* Problem details: Below is a listing. Set down exactly the lines from the one containing "Aerial image of a right whale and its calf" through the one containing "Bán đất nông", both ends included, and leave out the rest.

* Given data:
----------------

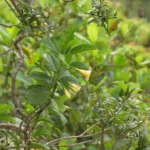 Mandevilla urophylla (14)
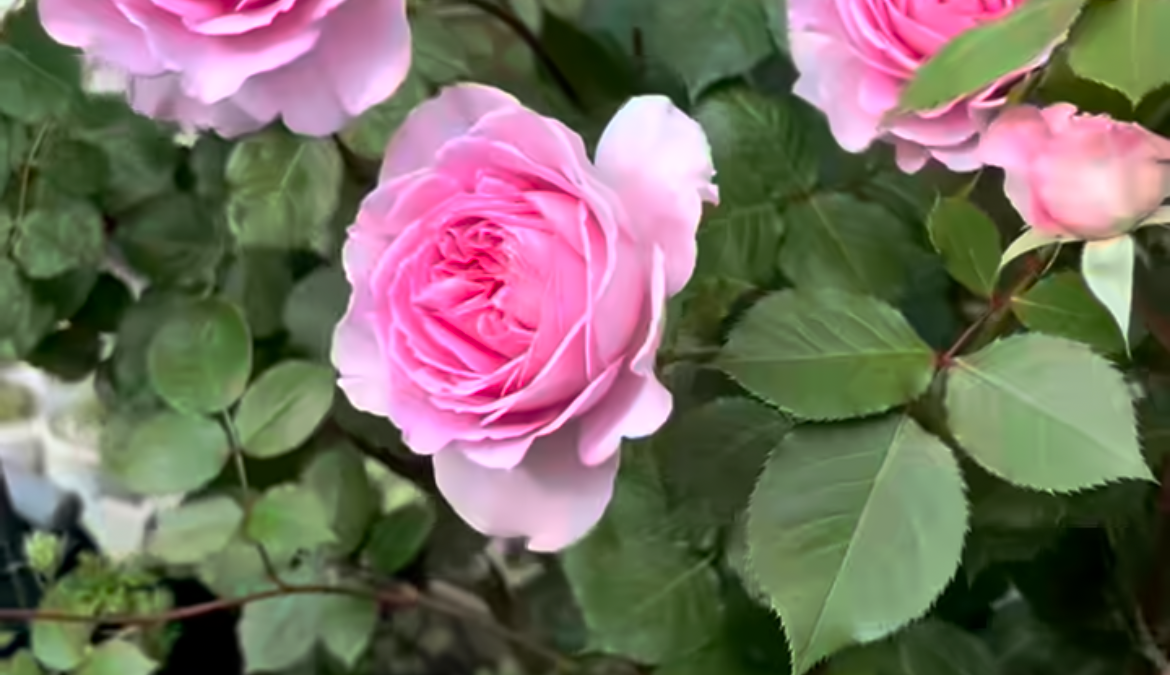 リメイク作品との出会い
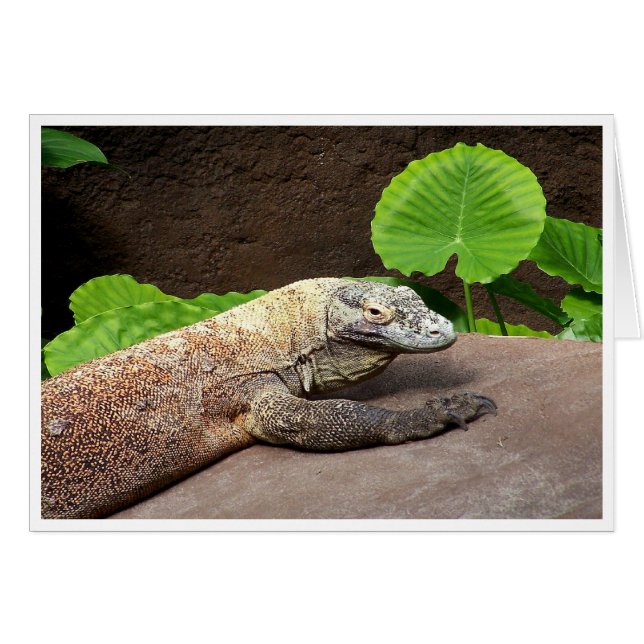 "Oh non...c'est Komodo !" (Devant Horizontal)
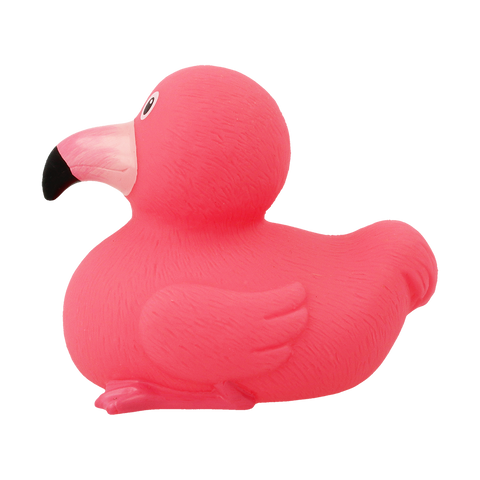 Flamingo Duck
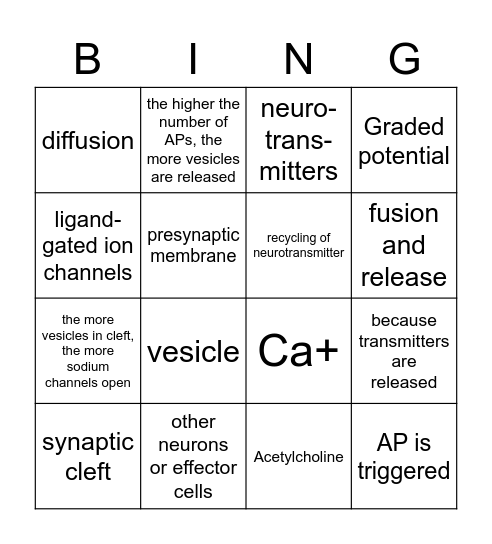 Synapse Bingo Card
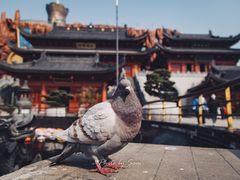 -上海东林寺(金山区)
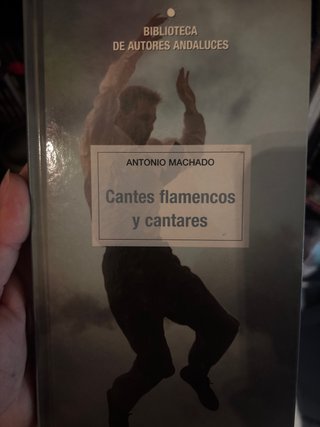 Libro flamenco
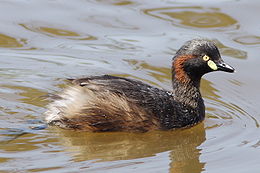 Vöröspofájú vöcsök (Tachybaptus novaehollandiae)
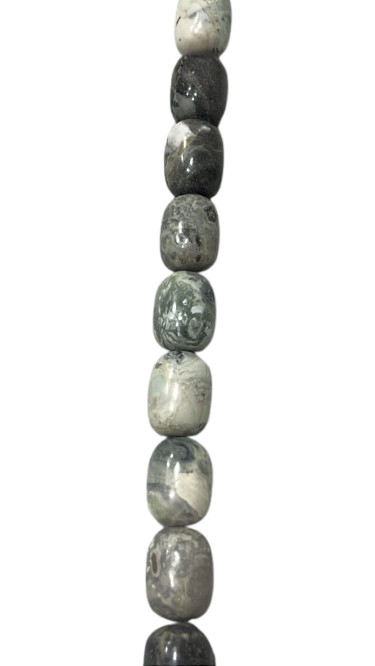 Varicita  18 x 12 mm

----------------

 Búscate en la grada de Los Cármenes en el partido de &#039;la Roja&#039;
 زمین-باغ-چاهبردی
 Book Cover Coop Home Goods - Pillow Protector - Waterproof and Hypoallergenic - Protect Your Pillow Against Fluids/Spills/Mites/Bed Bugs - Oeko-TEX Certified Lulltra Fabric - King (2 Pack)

----------------

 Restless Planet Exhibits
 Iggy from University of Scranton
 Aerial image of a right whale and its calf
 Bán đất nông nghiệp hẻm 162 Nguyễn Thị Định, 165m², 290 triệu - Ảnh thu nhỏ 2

----------------

* The completed task:
 Aerial image of a right whale and its calf
 Bán đất nông nghiệp hẻm 162 Nguyễn Thị Định, 165m², 290 triệu - Ảnh thu nhỏ 2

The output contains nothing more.